It is now universally held that the brake, both for freight and for passenger service, must be continuous; that is, it must be applied to every wheel of every car of the train from some one point, and ordinarily that point must be the engineer's cab. With the valve of an efficient continuous brake constantly under his left hand, the engine-driver can play with the heaviest and fastest train. Without that instrument his work is far more anxious, and much less certain.

The continuous brake which to-day prevails all over the world, is the automatic air-brake. In the United States much the largest part of the rolling stock used in passenger service is equipped with the Westinghouse automatic brake. A few roads peculiarly situated use the Eames vacuum-brake. That brake is used on the elevated roads of New York, and on the Brooklyn bridge roads. The Westinghouse brake is also largely used in England, on the Continent of Europe, in India, Australia, and South America. In the United States it is being rapidly applied to freight cars also. This brake, therefore, being the highest development of the automatic air-brake, and the one most widely used, will be briefly described, as best representing the most approved type of the most important of all safety appliances.

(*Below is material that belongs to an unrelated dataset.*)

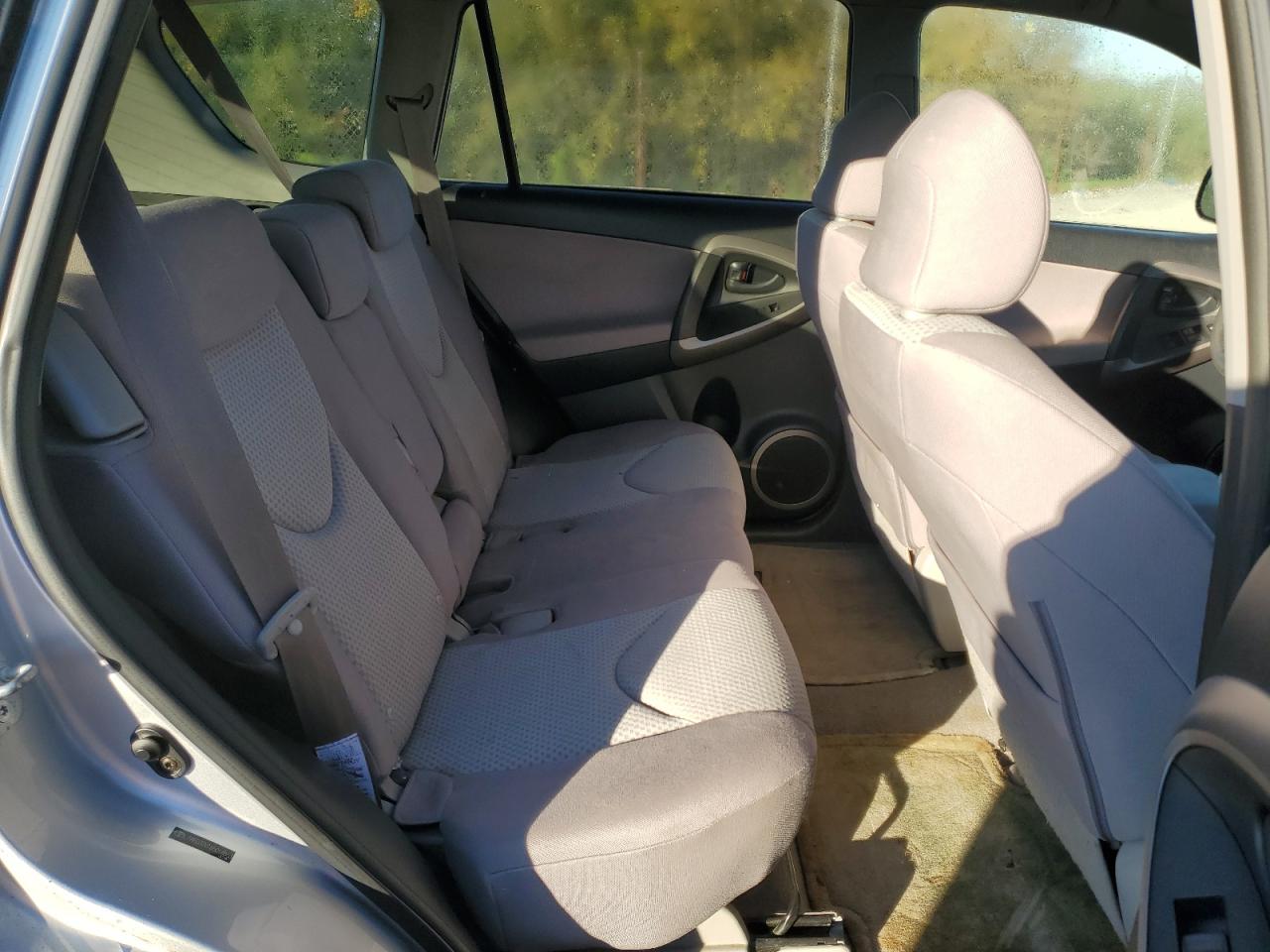 2006 Toyota RAV 4 - Image 11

The general diagram which is given on pages 196–97 shows all of the principal parts as applied to a locomotive, a tender, and a passenger car. The diagram is reduced from one prepared by Mr. M. N. Forney for a new edition of his "Catechism of the Locomotive." In the plan view are shown very clearly the hand-wheels, the chains, the rods, and the levers by which the brake is applied by hand. In passenger service the hand-wheels are rarely used, but they are retained for convenience in switching cars in the yard, and for those rare emergencies in which the air-brakes fail. Under the middle of the car the ordinary pull-rod of the old hand-brake is cut and two levers are inserted. One lever is connected with the brake-cylinder, and the other with the piston which slides in that cylinder. When air is admitted to the cylinder the piston is driven out, and the brakes are applied exactly as they would be were the chains wound up by turning the hand-wheels. Compressed air is supplied to the cylinder from the reservoir near it, in which pressure is maintained at from 70 to 80 pounds per square inch by a pump placed on one side of the locomotive. The pump fills the main reservoir on the engine, and also the car-reservoirs, by means of the train-pipe which extends under all the cars. When the brakes are off there is a full pressure of air in all of the car-reservoirs and train-pipes. It is a reduction of the pressure in the train-pipes which causes the brakes to be applied.

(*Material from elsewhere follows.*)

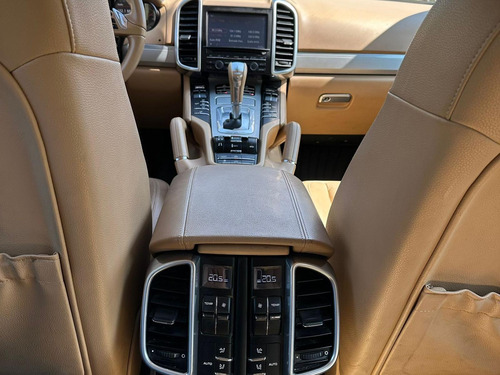 Porsche Cayenne V6 E2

Plan and Elevation of Air-brake Apparatus.—Reservoirs and piping in solid black; brake gear shaded.

This fact must be borne in mind, for it is on this principle that the automatic action of the brakes depends. If a train parts, or if the air leaks out of the train-pipe, the brakes go on. This automatic principle is a vital one in most safety appliances, and it is secured in the case of the air-brake by one of the most ingenious little devices that man ever contrived, that is, the triple valve, which is placed in the piping system between the brake-cylinder and the car-reservoir. This triple valve has passages to the brake-cylinder, to the car-reservoir, to the train-pipe, and to the atmosphere. Which of these passages are open and which are closed depends upon the position of a piston inside of the triple valve, and the position of that piston is determined by the difference in air-pressure on either side of it. Thus, when the pressure in the train-pipe is greater than that in the car-reservoir, the triple valve piston is forced over, say to the left, a communication is opened from the train-pipe to the car-reservoir, and the air pressure in the latter is restored from the main reservoir on the locomotive. At the same time a passage is opened from the brake-cylinder to the atmosphere, the compressed air escapes, the brake-piston is driven back by a spring, and the brakes are released. If the pressure in the train-pipe is reduced, the triple-valve piston is driven to the right (we will assume) by the pressure from the car-reservoir, the passage to the atmosphere is closed, air flows freely from the car-reservoir to the brake-cylinder, and the brakes are applied.